Master of Visual Arts Visual Arts Sculpture Craft Indigenous Methodologies Pūrākau / Storytelling Te Ao Maori

Crafting Pūrākau with the Tools My Tūpuna Gave Me

Pūrākau have always kept company with craft. From woven panels that adorn marae walls to intricate carvings in wood or skin, twisted cords and braided fibres are all visual expressions of realities turned stories. The past in te ao Māori is to be learnt from, by those of us in the present, to guide our descendants into a thriving future. Stories are the lens through which I see life, and crafting is the mouthpiece I have available to me to delineate them to the next generation.
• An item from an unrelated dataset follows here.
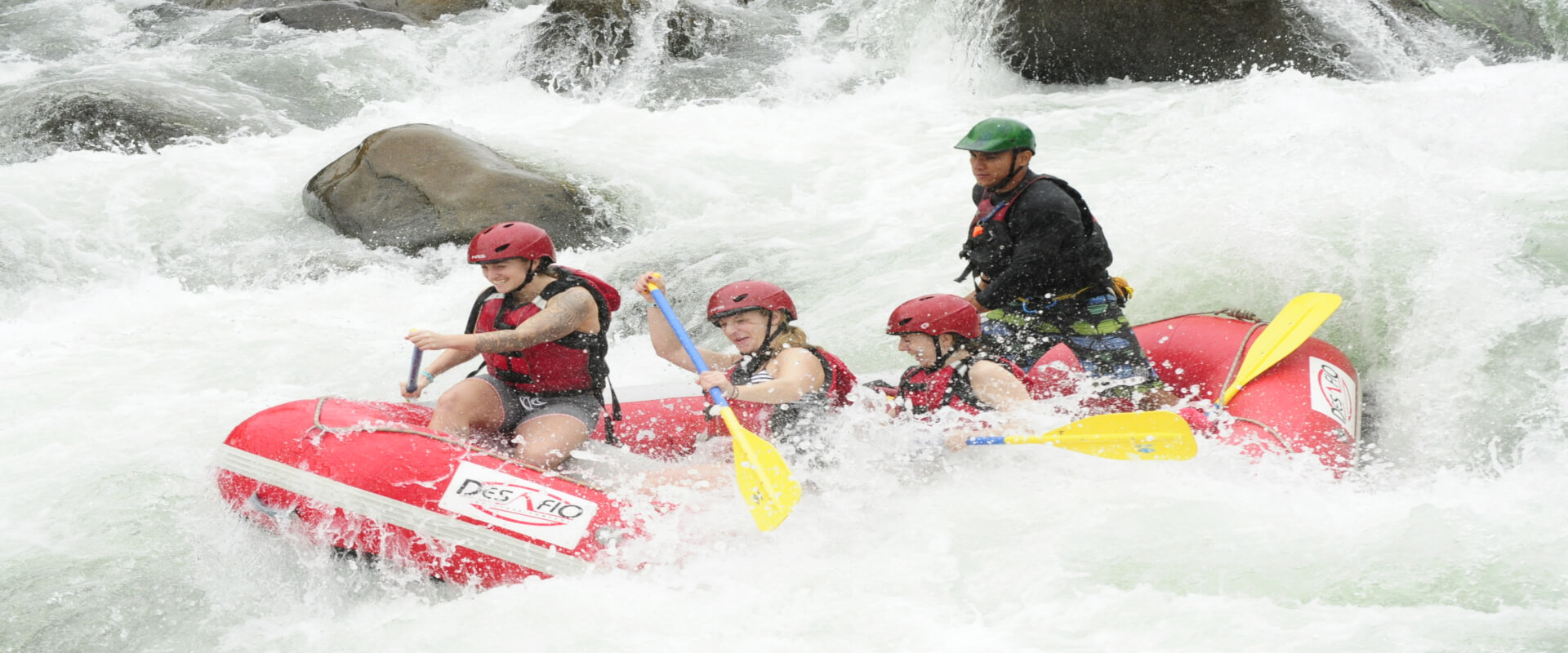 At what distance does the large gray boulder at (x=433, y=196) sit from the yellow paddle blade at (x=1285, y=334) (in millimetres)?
4422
In this practice-based research project, I have explored how crafting from a Kaupapa Māori paradigm can visually secure and further pass on our oral histories-become-story to our future successors. Stemming from my research into how Indigenous pedagogies utilise storytelling to communicate essential knowledge, as well as the role that physical taonga undertake in conveying ancestral memories, I have developed my own processes of engaging with these customs via my art practice, through soft sculptures.

By experimenting with ways of communication through a craft that documents differently from Māori verbal records or Pākehā written formats, I have developed new ways of securing oral histories within story quilts and through deliberate action in collaborative net-making. Materials rich with personal connections, generational crafting skills, and body movement as note-taking all contribute to the layers of story in each of my artworks.

Collaboration with family, friends, and tūpuna has grounded the research and continually centred my art practice to where I needed to be to answer my questions. My artwork is made with our stories: for them, for us, for who is to come, to prevail forever.